Pre-Clinical Research

Poster Number: T376

Author(s):

Nathan Mohar, PhD candidate, Department of Biochemistry and Molecular Biology, Genetics Graduate Program/University of Iowa, Christopher Langland, BS, University of Iowa Department of Biochemistry and Molecular Biology, Benjamin Darbro, MD, PhD, Department of Pediatrics/University of Iowa, Lori Wallrath, PhD, University of Iowa

Background: Mutations in LMNA cause a collection of diseases known as laminopathies, which include multiple types of muscular dystrophy (LMNA-MD). The symptoms of LMNA-MD are sensitive to genetic background, as individuals with the same LMNA mutation can have distinct diagnoses and/or variable disease severity. Here, we describe a family in which four siblings with the same LMNA mutation present with Emery-Dreifuss muscular dystrophy (EDMD) with highly variable severity.
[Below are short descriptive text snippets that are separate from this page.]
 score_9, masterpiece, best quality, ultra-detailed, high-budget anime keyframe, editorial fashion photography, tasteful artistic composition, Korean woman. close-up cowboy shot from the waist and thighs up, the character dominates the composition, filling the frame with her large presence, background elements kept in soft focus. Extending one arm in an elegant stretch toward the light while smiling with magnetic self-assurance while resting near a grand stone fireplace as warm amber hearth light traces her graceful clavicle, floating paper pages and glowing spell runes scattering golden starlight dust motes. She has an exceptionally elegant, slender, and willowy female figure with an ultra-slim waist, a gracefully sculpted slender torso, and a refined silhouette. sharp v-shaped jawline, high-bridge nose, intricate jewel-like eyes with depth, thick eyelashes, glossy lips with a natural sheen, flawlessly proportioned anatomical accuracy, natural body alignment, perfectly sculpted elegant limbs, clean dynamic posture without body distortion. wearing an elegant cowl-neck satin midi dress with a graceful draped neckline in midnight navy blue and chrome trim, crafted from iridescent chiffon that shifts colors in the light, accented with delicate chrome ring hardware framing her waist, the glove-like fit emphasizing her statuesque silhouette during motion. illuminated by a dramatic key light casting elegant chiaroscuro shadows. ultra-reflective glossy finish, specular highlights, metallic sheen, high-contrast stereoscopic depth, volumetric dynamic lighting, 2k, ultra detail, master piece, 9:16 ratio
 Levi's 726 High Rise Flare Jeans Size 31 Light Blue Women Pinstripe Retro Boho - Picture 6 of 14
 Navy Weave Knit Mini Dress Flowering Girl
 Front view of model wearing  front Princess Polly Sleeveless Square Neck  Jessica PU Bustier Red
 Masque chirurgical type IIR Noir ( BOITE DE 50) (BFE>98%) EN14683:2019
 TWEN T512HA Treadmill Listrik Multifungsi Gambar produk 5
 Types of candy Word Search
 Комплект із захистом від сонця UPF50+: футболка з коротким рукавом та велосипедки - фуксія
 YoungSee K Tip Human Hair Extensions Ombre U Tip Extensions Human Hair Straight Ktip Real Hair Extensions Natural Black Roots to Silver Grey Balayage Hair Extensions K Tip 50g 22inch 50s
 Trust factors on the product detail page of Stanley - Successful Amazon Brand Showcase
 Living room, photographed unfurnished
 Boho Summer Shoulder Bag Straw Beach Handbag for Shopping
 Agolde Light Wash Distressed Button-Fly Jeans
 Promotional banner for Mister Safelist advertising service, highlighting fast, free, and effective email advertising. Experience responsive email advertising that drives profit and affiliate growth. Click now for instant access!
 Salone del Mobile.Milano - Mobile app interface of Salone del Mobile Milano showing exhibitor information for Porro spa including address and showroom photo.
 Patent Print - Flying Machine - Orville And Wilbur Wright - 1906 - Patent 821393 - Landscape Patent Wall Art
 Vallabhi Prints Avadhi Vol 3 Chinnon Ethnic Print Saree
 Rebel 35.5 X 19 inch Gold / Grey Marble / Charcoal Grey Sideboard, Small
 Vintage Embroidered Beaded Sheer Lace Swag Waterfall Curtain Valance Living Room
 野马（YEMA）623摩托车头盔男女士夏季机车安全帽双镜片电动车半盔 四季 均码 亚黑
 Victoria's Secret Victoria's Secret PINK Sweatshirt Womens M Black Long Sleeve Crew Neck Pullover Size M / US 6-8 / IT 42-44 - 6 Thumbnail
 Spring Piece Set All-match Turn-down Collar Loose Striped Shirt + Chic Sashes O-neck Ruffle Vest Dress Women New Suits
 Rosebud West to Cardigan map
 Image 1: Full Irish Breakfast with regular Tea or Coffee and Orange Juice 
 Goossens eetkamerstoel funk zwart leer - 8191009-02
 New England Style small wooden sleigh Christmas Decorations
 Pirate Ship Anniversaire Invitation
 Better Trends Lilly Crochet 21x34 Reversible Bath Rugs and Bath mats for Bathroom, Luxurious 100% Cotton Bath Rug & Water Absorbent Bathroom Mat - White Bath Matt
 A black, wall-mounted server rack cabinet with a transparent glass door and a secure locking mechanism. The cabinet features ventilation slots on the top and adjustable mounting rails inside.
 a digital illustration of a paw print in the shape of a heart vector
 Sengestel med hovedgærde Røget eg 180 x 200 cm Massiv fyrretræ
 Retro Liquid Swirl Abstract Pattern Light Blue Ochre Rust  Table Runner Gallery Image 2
Objective: Our goal is to identify genetic modifiers of LMNA-associated EDMD that drive the variable disease presentation in the family.

Results: Using whole genome sequencing, we identified a variant in the SMAD7 gene, which encodes a negative regulator of the SMAD signaling pathway, present only in the severely affected siblings. To functionally test the SMAD7 variant, we generated a Drosophila model containing both the LMNA mutation and SMAD7 variant in their respective Drosophila orthologs. We demonstrate that the SMAD7 variant has minimal effects on muscle function alone. However, in combination with the LMNA mutation, the SMAD7 variant enhances muscle defects, consistent with a genetic modifier. In addition, the SMAD7 variant enhances activation of the SMAD signaling pathway in muscle, suggesting a mechanism for the enhanced muscle disease severity. Further supporting this mechanism, we demonstrate that overexpression of wild type SMAD7 reduces SMAD signaling and rescues muscle defects in the Drosophila model, implicating the SMAD pathway as a therapeutic target. To broaden our analysis, we sequenced the SMAD7 gene in a cohort of 45 individuals with LMNA-MD and identified six additional variants, two of which map to a crucial SMAD7 regulatory domain.

Conclusions: Collectively, our findings support SMAD7 as a modifier gene for LMNA-MD and the SMAD signaling pathway as a therapeutic target for the disease.